27 mai 2005

à l'étouffée (My generation)

Chaleur de plomb et mouches partout, un temps à émeutes noires et blanches, ils ont publié les lettres d'Aldo Moro en français, les bus sont des autocuiseurs, les arbres crèvent, les poissons dans la Seine pareil, on ne trouve plus que du chocolat fondu : j'ai les semelles qui collent, il fait si chaud qu'en mettant une jambe devant l'autre on en voit presque le temps qui passe, si chaud qu'on en oublie de jouer au loto. Le loto, je pense à toutes ces îles qui n'en sont plus, comment s'habituer à tous ces tunnels tous ces ponts, je me dis tu es vieux, je me dis : ma génération. Ma génération prenait encore le ferry pour aller à Londres mais ma génération prenait des cuites à la bière et jouait encore aux cartes en attendant le train le bateau, et ma génération c'est vrai avait écouté les Psychedelic Furs et les Comateens, ma génération n'était pas altermondialiste ma génération pourtant avait vu la police dans la rue à cheval, ma génération se foutait bien du commerce équitable elle faisait des photos noir et blanc et rêvait devant de vieux rolleiflex , ma génération ivre morte avait appris la fellation de la bouche d'un barman florentin, ma génération avait vu les fans des Cramps casser des fauteuils à l'Eldorado, ma génération disait qu'elle vénérait 77 mais ne pensait qu'à ses propres vacances romaines.

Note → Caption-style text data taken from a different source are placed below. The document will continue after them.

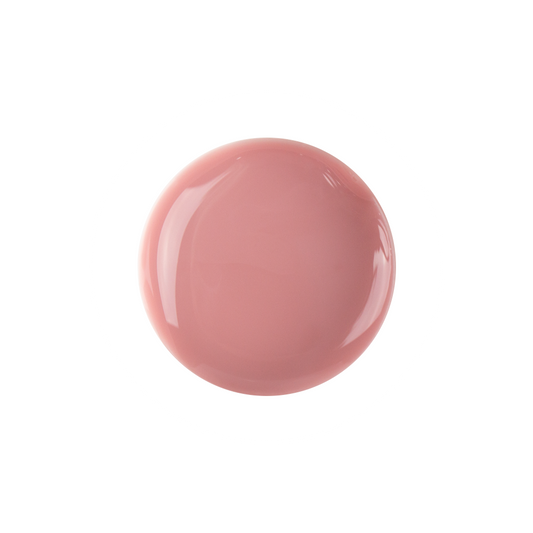 Builder Gel Cover Nude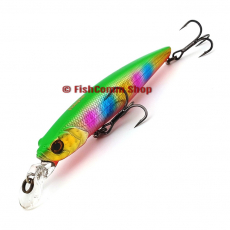 Воблер Fishycat Bobcat 100SP R27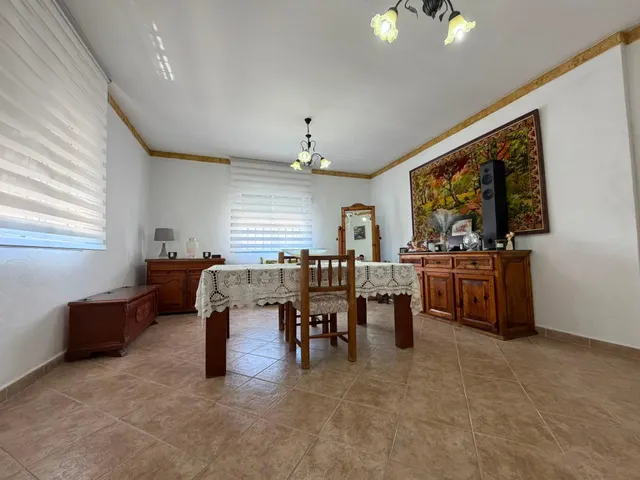 Villa en Callosa del Segura por €475,000 — 10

Il fait si chaud que je me dis t'es un vieux con toi et ta génération par cette chaleur encore quelques jours et vous êtes cuits on n'en parle plus. Je me dis ne respire plus, n'ouvre pas la bouche, tais-toi, économise ton souffle. Il fait si chaud je voudrais me lever pour boire mais j'ai le skaï du canapé scotché au cul.